Kalendarium
05
June
Master's Thesis presentation: "Predicting Antibody Developability: Machine Learning Meets Therapeutic Antibodies"
Authors: Josephine Höjding and William Björkhem Supervisors: Mikael Nilsson, Centre for Mathematical Sciences Morten Krogh, Bionamic AB Examiner: Karl Åström, Centre for Mathematical Sciences
Abstract
Antibody developability refers to an antibody’s suitability for clinical use, including properties such as solubility, stability, and aggregation. These traits are traditionally assessed through experimental screening, which is time-consuming and resource heavy. Machine learning offers a promising alternative for early prediction of developability, though many existing models are still in early stages.
This work compares multiple machine learning strategies for predicting protein solubility, a key developability factor. Five datasets were used: four consisting of non-antibody protein sequences expressed in E. Coli with solubility labels, and one independent antibody dataset without labels. Three existing models—NetSolP, SWI, and ProteinSol—were evaluated using standard performance metrics, and new models were developed by leveraging feature extraction from SWI and ProteinSol to explore potential improvements.
Developed approaches included logistic regression for direct solubility prediction, models that first classified a sample’s likely dataset of origin before applying a corresponding solubility model, clustering-based methods with cluster-specific classifiers, and multi-layer perceptrons to test the benefits of deeper architectures.

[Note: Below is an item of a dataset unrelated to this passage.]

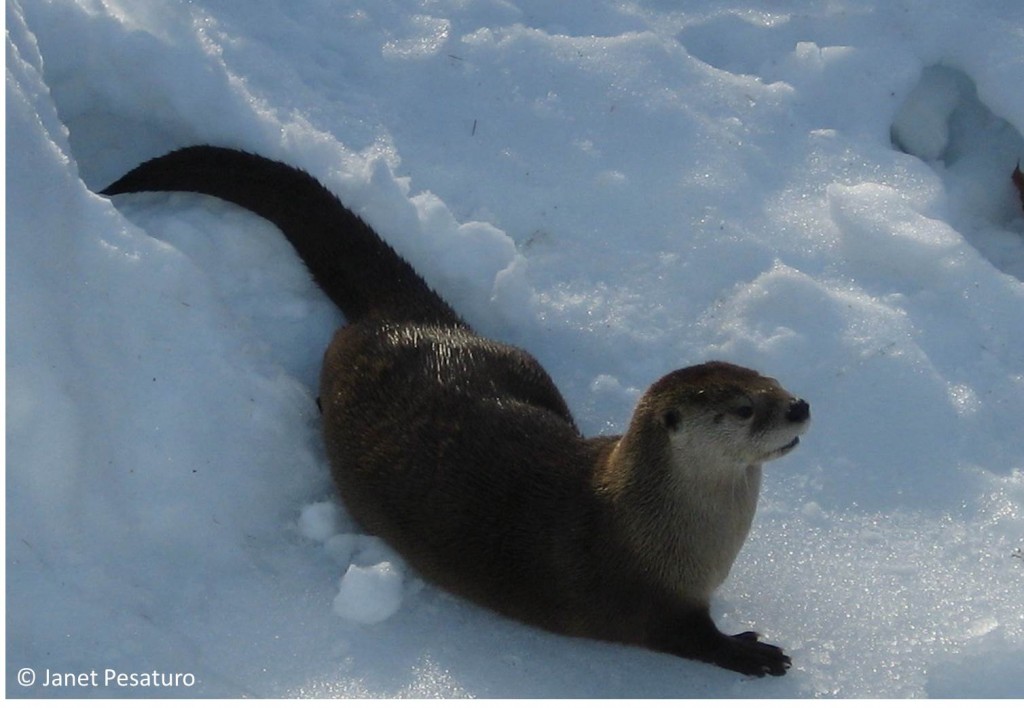 North American river otter, Lontra canadensis, in captivity. Learn the basics of river otter tracks and sign in this article, so you can track them in the wild.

Overall, the models achieved similar performance, with no single approach consistently outperforming others. Simpler models like logistic regression often performed on par with more complex models such as multi-layer perceptrons. Results varied by dataset, with the lowest performance observed on the largest and most diverse dataset, PDBSol, suggesting that high variability in sequence data may reduce prediction reliability.